• [STUDY MATERIAL]
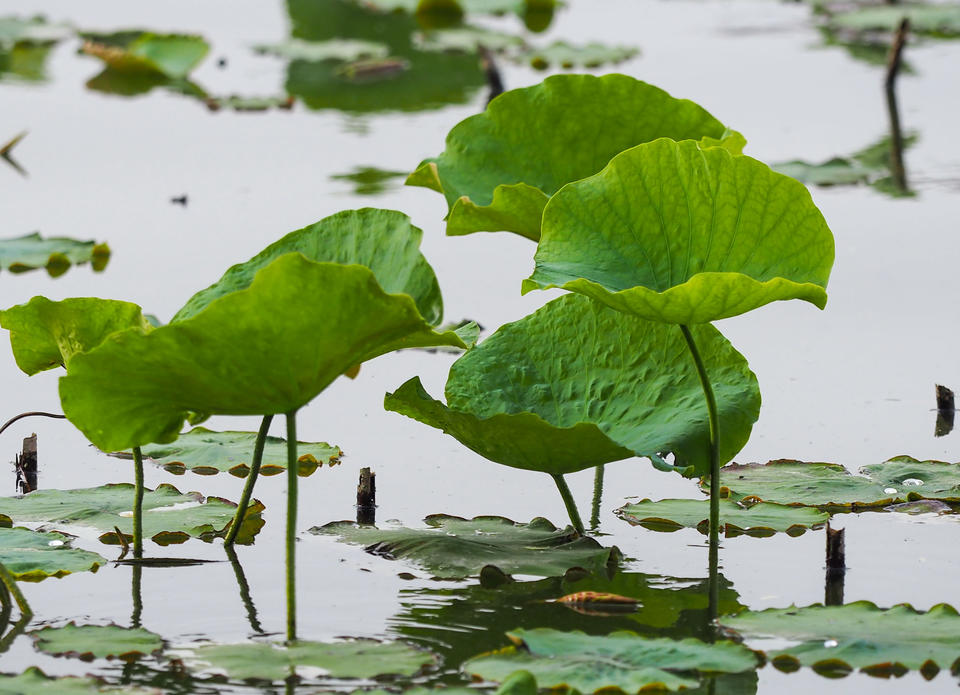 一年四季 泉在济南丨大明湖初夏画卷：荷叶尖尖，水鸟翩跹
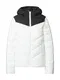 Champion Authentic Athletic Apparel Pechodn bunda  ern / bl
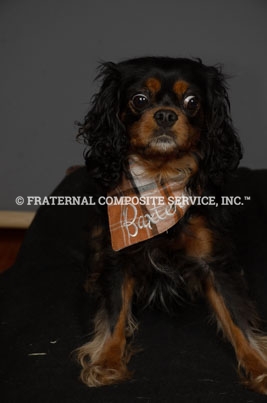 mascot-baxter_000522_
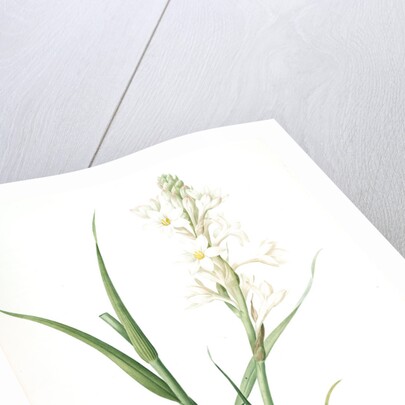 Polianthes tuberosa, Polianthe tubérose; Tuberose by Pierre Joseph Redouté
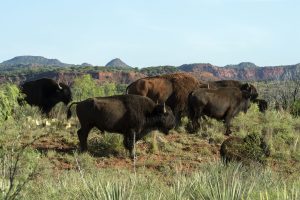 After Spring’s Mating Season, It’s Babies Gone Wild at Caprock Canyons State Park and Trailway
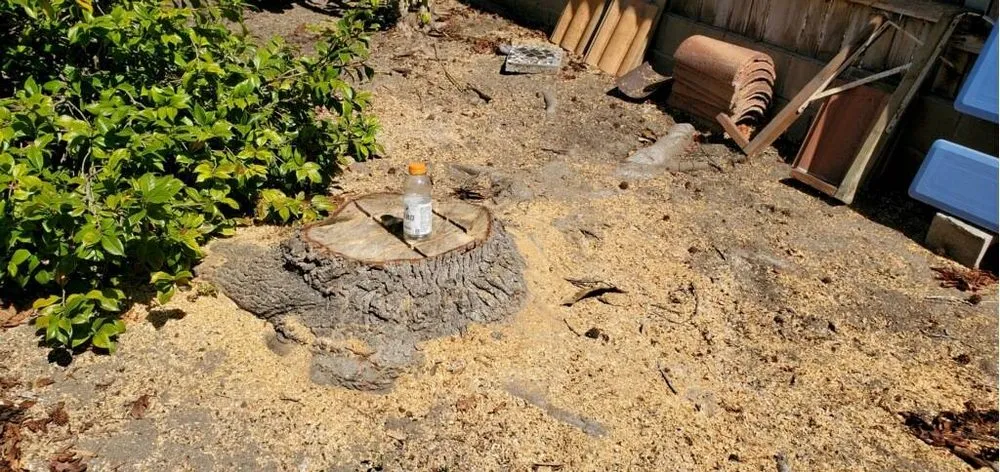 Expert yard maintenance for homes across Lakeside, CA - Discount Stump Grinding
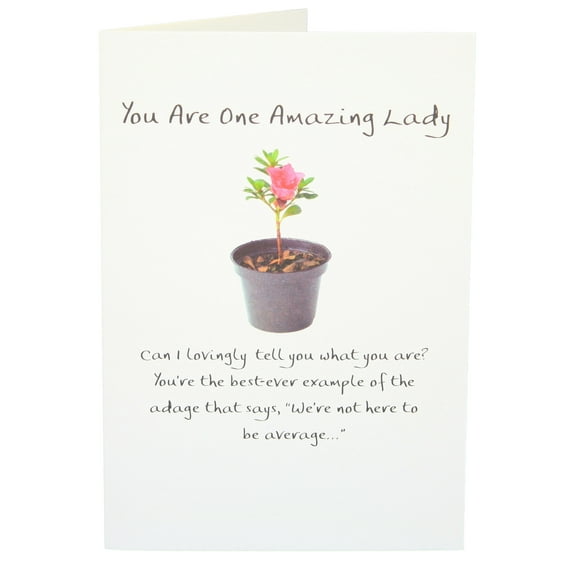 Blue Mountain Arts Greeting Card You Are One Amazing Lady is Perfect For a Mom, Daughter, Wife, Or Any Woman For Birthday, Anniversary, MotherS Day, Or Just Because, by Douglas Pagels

• [TO DO] Each line from the one containing "Polianthes tuberosa, Polianthe" through the last line of the listing is to be given again exactly, with no pictures and no other lines.

• [EXERCISE OUTPUT]
 Polianthes tuberosa, Polianthe tubérose; Tuberose by Pierre Joseph Redouté
 After Spring’s Mating Season, It’s Babies Gone Wild at Caprock Canyons State Park and Trailway
 Expert yard maintenance for homes across Lakeside, CA - Discount Stump Grinding
 Blue Mountain Arts Greeting Card You Are One Amazing Lady is Perfect For a Mom, Daughter, Wife, Or Any Woman For Birthday, Anniversary, MotherS Day, Or Just Because, by Douglas Pagels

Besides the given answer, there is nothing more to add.